Find certain number of most popular hashtags appearing on social media such as Facebook or Twitter.
The project requires implementing a max Fibonacci Heap to find the N most popular hash tags appearing on social media. As a part of the input to the program, we read one line at a time from an input file and generate a max Fibonacci Heap by calling the functions of insert and increase key (hash tag already present inside the hash table).For every query that is encountered by the program we perform the max remove operation along with pair wise combine and writes the node value having the maximum frequency in the output_file.txt.
- IMaxFibonacciHeap.java
- HashTagCounterManager.java
- MaxFibonacci Heap.java
- MaxFibonacciHeapNode.java
- hashtagcounter.java
IMaxFibonacciHeap.java
The Interface IMaxFibonacciHeap.java describes the necessary abstract functions performed by a max Fibonacci Heap such as removeMax, insert, delete, increasekey, displayNodes. Any class implementing this interface should provide a concrete implementation of these methods.
MaxFibonacciHeapNode.java
Each instance of this class represents an individual node entity required in building the Fibonacci tree structure. Each node object will have the following instance variables along with their getters and setters.
Instance variables are:
-
degree
Type: Integer
Function: denotes the number of child nodes a particular node is having in the immediate next level.
-
hashtagfreq
Type : Integer
Function : Represents the frequency of a particular hash tag node.
-
hashTagName
Type : String
Function: Represents the hash tag name
- childCut
Type : Boolean
Function : Child Cut field of the particular node accounts to true if any of its child node has been removed in the past and false if all its child nodes are intact or the tree rooted at this node is inserted into the root level of the Fibonacci Heap.
- child
Type : MaxFibonacciHeapNode
Function: pointer to the node's child node
- parent
Type : MaxFibonacciHeapNode
Function : pointer to the node's parent node. This value is null if the node is at the root level of the
-
Fibonacci Heap
-
leftSibling & rightSibling
Type : MaxFibonacciHeapNode
Function : pointer to the node's left and right siblings which forms a part of the doubly circular linked list.

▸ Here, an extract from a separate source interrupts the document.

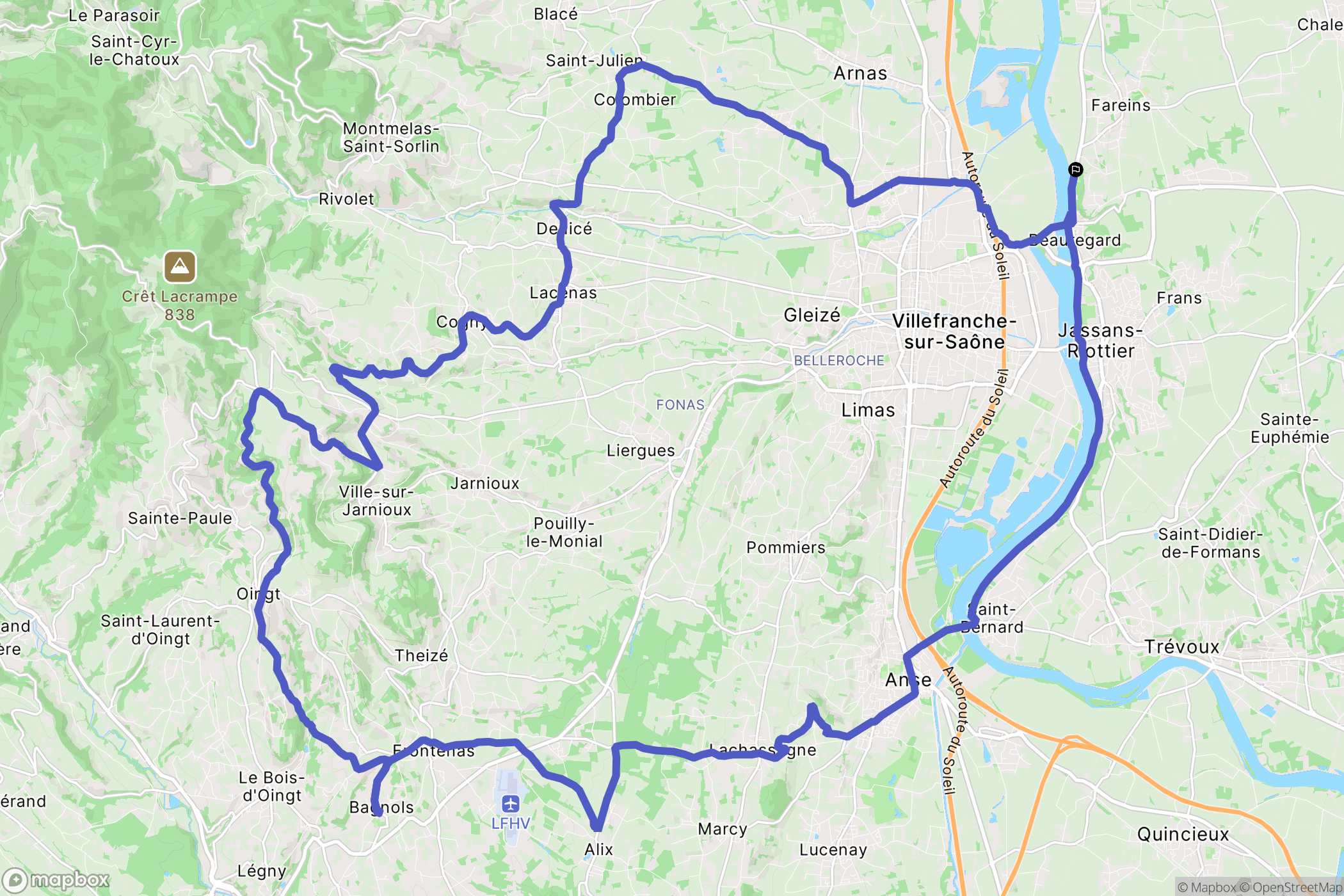 Fareins : carte du parcours de randonnée - France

HashTagCounterManager.java
This class manages the functioning of the max Fibonacci heap by calling the insert, increase key functions on it.
Instance variables are:
-
The object of Max Fibonacci Heap
-
Hash Table object which stores all the hash tags names as key and node references as value.
-
Hashtable<String,MaxFibonacciHeapNode> hashTagMap
-
Output file name Type : string Methods defined in the above class:
-
public IMaxFibonacciHeap processLine(String lineToBeProcessed) Return type : IMaxFibonacciHeap
Parameters: String lineToBeProcessed
This method takes the string "linetoBeProcessed" as input from the main method and split in on the basis of space character. If the length of string array formed after split is more than one then it performs the insert or increase key function else goes for remove max, multiple number of times equal to the integer value obtained from the line. Before insert operation it checks if the hash tag is present in the HashTable. If it is present then calls the insertNewHashTagIntoHeap () method which insert a new node at the root level, else it just calls updateHashTagFrequency() which does the increase key operation.
When the remove max returns the maximum node reference then it saves them inside an ArrayList which is later used to insert them back into the heap once all the remove max operation has completed.
- public void insertIntoMap (String hashTag, MaxFibonacciHeapNode newlyInsertedTag) Return type : void
Parameters: String hashTag, MaxFibonacciHeapNode newlyInsertedTag
This function inserts the node reference against the hash tag's name in the Hash table .
- public void writeTopHashTagsInFile(String lineToPrint) Return type : void
Parameters: String lineToPrint
The above method writes the lineToPrint into the output_file.txt file which contains the N maximum hash tag names. It outputs a single line for each query string that is encountered.
MaxFibonacciHeap.java
This class defines the implementation for all the important functions of Max Fibonacci Heap. Instance Variables:
- rootNode
Type : MaxFibonacciHeapNode
Function: Points to a node at the root level of the circular doubly linked list.
- maximumHashTagNode
Type: MaxFibonacciHeapNode
Function: Points to the node having the maximum frequency.
- totalNodes
Type: Integer
Function: keeps a count of the total number of nodes in the tree.